In light of the foregoing analysis, Defendants' Motion for Summary Judgment as to Plaintiffs' First, Second, Third and Sixth causes of action will be granted.

2. Plaintiffs' Fiduciary Duty Claims

An employer enters into a fiduciary relationship with their employees in relation to a benefits plan to the extent the employer has discretionary authority or control in the management or administration of the plan. Bouboulis, 442 F.3d at 63. ERISA §§ 404(a)(1)(A), (B), and (D) provide that:

a fiduciary shall discharge his duties with respect to a plan solely in the interest of the participants and beneficiaries and- . . . (B) with the care, skill, prudence, and diligence under the circumstances then prevailing that a prudent man acting in a like capacity and familiar in such matters would use in the conduct of an enterprise of a like character and with like aims; . . . and (D) in accordance with the documents and instruments governing the plan insofar as such documents and instruments are consistent with the provisions of this subchapter and subchapter III of this chapter.
Id. at 102 (quoting 29 U.S.C. § 1104(a)).

In the present case, the parties dispute whether Defendants use of Plaintiffs' contributions to pay premiums on the Prudential policy constitutes a fiduciary breach, whether Defendants made fiduciary misrepresentations to Plaintiffs, and whether Defendants had a duty to notify Plaintiffs of that fact that payments under Plan A were being used to pay Plan B's premium liabilities.

At the outset, the Court notes that the mere act of an employer changing an insurance plan, such as by adding an additional benefit structure, does not trigger a violation of fiduciary duties. Hughes Aircraft Co., v. Jacobson, 525 U.S. 432, 443-44, 119 S. Ct. 755, 763, 142 L. Ed. 2d 881 (1999). "ERISA's fiduciary duty requirement simply is not implicated where [an employer], acting as the Plan's settlor, makes a decision regarding the form or structure of the Plan such as who is entitled to receive Plan benefits and in what amounts, or how such benefits are calculated. Id. at 444. The creation of a new benefit structure does not create a second plan, provided the employer draws from a single pool to pay both the plan's pre and post-amendment obligations. Id. at 442.

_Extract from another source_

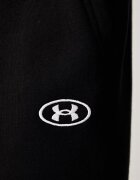 Under Armour спортен панталон мъжки с памук Rival черен със стандартна талия 6013444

In the present case, Plaintiffs allege that Defendants used contributions by Plan A participants to pay Defendants' insurance premium liabilities for employees covered under Plan B. Plaintiffs argue that the failure to use these contributions for the exclusive benefit of Plan A beneficiaries constitutes a breach of a fiduciary duty. (Pls.' Opp. 22.) § 403(c)(1) of ERISA, 29 U.S.C. § 1103(c)(1) provides that "the assets of a plan shall never inure to the benefit of any employer and shall be held for the exclusive purposes of providing benefits to participants in the plan." ERISA's anti-inurement provision "focuses exclusively on whether fund assets were used to pay pension benefits to plan participants." Flanigan v. General Elec. Co., 242 F.3d 78, 88 (2d Cir. 2001) (quoting Hughes Aircraft, 525 U.S. at 442).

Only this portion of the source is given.